The action arose from an alleged fraudulent investment which the corporate plaintiff made through a third party. The proffered evidence was that plaintiff was referred to the third party fraudster by one of HRB’s employees, who was an expert in investments and tax planning. HRB’s employee allegedly advised the plaintiff’s president to invest at least $250,000 with the third party.  Further, it was alleged that HRB’s employee facilitated communications between the plaintiff and the third party using a personal email address, and her personal emails contained a signature line reflecting her HRB employment.  It was alleged that, due to the employee’s influence and recommendation, the corporate plaintiff wired more than $250,000 to the third party’s bank account in Hong Kong, but never received any returns on the investment.  Moreover, when the plaintiff requested that the money be returned, the requests were ignored by HRB’s employee and the third party, who absconded with the money.

The plaintiff’s original complaint alleged claims of fraud and negligence against HRB’s employee, a claim for civil conspiracy against HRB’s employee and the third party, and claims for vicarious liability and negligent supervision against HRB.

After the complaint was filed, the plaintiff learned that HRB’s employee had recommended the investment as part of a reciprocal referral program implemented by HRB’s managers. The plaintiff also learned that the involved employee was later terminated by HRB for violating company policies, including HRB’s policy against using personal email addresses to communicate with clients.

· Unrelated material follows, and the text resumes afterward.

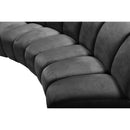  Manufacturer Color_Grey -- Infinity 178" Grey Velvet Upholstered 8 pc Modular Sectional IMAGE 9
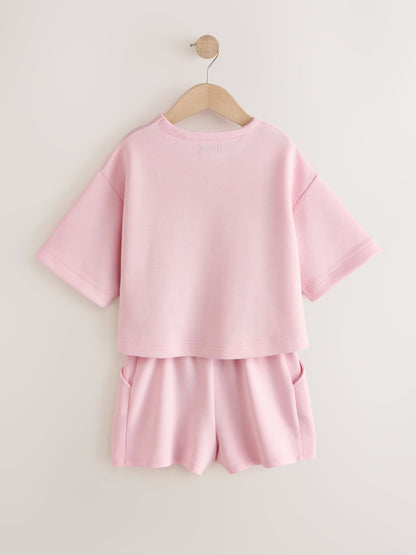 Dsiney Kidz - Light Pink Supersoft T-Shirt and Shorts Set (3-16yrs) image 7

Based on this information, the plaintiff moved for leave to amend the complaint to assert a claim for negligence against HRB based on its reciprocal referral program.  Thereafter, the plaintiff moved to amend and add a claim for punitive damages against HRB.

The trial court granted the plaintiff’s motion for leave. In doing so, the trial court partially relied on evidence relating to the direct negligence claim against HRB regarding the referral program.  HRB appealed the order to the Fourth District.

In reversing the trial court, the Fourth District noted that section 768.72(1), Florida Statutes provides that “no claim for punitive damages shall be permitted unless there is a reasonable showing by evidence in the record by the claimant which would provide a reasonable basis for recovery of such damages.”  Under section 768.72, a defendant may be liable for punitive damages if the defendant was personally guilty of intentional misconduct or gross negligence.  In order to impute an employee’s conduct to his or her employer, a plaintiff must establish that the employee’s conduct constituted “intentional misconduct” or “gross negligence,” AND establish one of the following: (a) the employer, principal, corporation, or other legal entity actively and knowingly participated in such conduct; (b) the officers, directors, or managers of the employer, principal, corporation or other legal entity knowingly condoned, ratified, or consented to such conduct; or (c) the employer, principal, corporation or other legal entity engaged in conduct that constituted gross negligence and that contributed to the loss, damages, or injury suffered by the claimant.

The Fourth District found that the plaintiff’s proffered evidence relating to HRB’s maintenance of a reciprocal referral program did not establish any of the three bases for vicarious punitive liability, as there was no evidence proffered that HRB knew that the third-party would defraud the plaintiff and abscond with its investment, nor that its failure to vet the third-party participating in its reciprocal referral program rose to the level of gross negligence.

This decision reminds us of the high bar plaintiffs face in Florida to support a claim for punitive damages against a corporate defendant based on the conduct of the defendant’s employee.